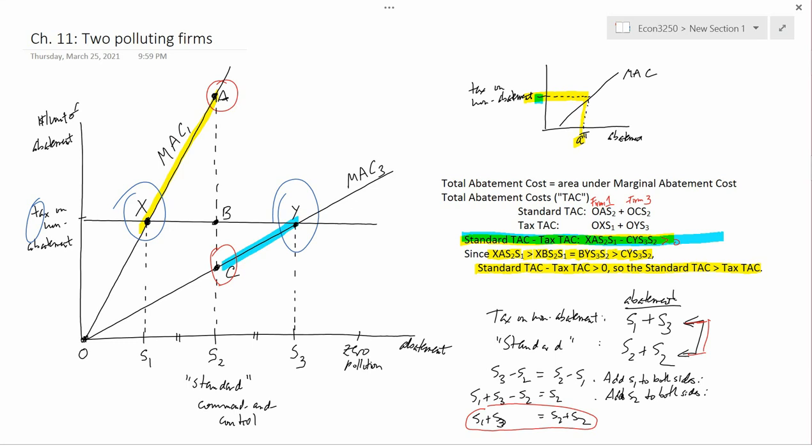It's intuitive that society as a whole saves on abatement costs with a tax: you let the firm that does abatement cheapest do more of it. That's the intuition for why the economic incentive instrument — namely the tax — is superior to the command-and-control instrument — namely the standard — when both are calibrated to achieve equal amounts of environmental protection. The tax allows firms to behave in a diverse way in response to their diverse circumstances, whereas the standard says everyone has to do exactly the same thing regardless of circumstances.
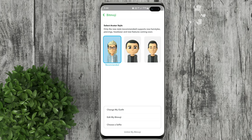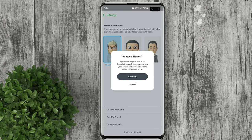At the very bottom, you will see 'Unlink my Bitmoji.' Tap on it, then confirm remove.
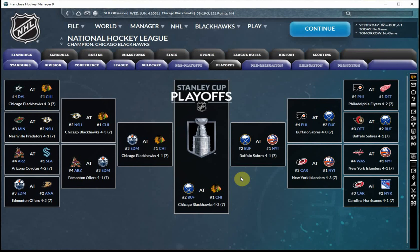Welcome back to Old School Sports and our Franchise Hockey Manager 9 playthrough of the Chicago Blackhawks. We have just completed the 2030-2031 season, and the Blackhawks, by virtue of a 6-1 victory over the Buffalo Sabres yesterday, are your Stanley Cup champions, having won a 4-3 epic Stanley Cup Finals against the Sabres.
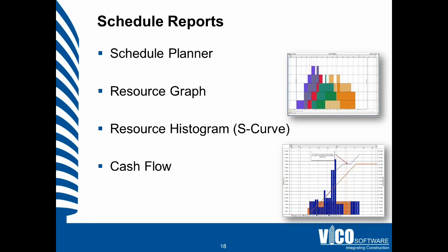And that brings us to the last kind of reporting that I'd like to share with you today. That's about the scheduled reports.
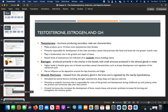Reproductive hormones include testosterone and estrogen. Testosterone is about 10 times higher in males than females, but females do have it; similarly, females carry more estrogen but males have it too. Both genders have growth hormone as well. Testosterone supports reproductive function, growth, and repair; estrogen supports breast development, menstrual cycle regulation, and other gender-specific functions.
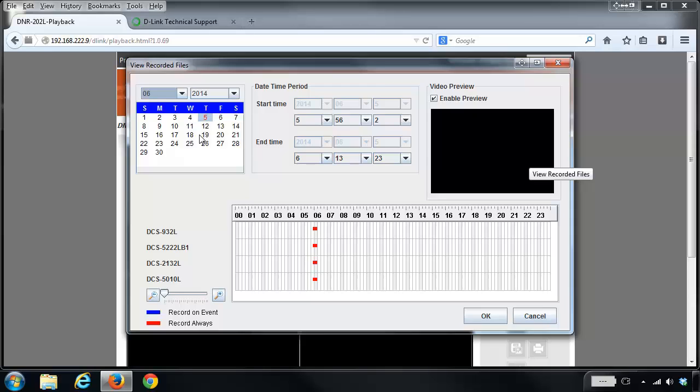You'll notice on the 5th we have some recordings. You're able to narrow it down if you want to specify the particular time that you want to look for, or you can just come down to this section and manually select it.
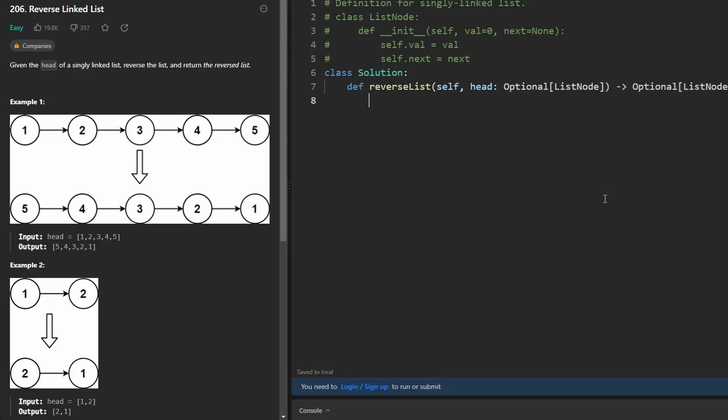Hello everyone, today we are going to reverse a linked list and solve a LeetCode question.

---

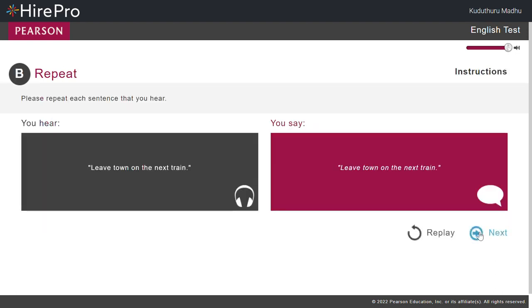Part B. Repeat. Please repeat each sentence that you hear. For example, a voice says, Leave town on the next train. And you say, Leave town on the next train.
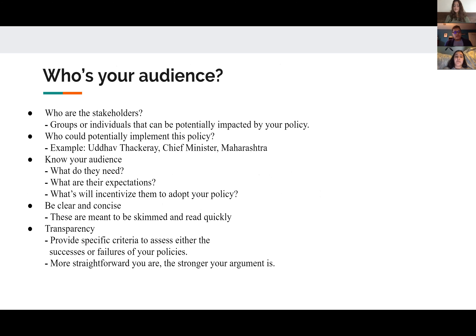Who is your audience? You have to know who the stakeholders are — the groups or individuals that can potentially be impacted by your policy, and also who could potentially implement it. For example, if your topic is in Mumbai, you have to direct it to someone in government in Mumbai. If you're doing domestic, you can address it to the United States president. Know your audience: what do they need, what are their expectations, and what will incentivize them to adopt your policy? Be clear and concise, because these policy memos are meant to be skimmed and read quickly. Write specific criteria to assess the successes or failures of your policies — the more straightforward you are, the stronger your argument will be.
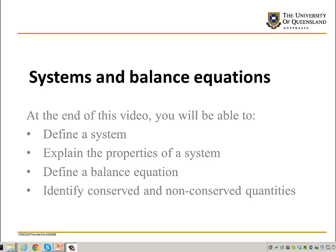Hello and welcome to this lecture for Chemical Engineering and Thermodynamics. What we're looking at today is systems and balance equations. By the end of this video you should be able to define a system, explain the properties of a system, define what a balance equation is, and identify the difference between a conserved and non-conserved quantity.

> _Exercise objective_: Once the line with "It's intuitive that" has been found above, output that line and every later line exactly, stopping after the line with "And that brings", and omit the pictures.

> _Answer to this task_:
It's intuitive that society as a whole saves on abatement costs with a tax: you let the firm that does abatement cheapest do more of it. That's the intuition for why the economic incentive instrument — namely the tax — is superior to the command-and-control instrument — namely the standard — when both are calibrated to achieve equal amounts of environmental protection. The tax allows firms to behave in a diverse way in response to their diverse circumstances, whereas the standard says everyone has to do exactly the same thing regardless of circumstances.
At the very bottom, you will see 'Unlink my Bitmoji.' Tap on it, then confirm remove.
Welcome back to Old School Sports and our Franchise Hockey Manager 9 playthrough of the Chicago Blackhawks. We have just completed the 2030-2031 season, and the Blackhawks, by virtue of a 6-1 victory over the Buffalo Sabres yesterday, are your Stanley Cup champions, having won a 4-3 epic Stanley Cup Finals against the Sabres.
And that brings us to the last kind of reporting that I'd like to share with you today. That's about the scheduled reports.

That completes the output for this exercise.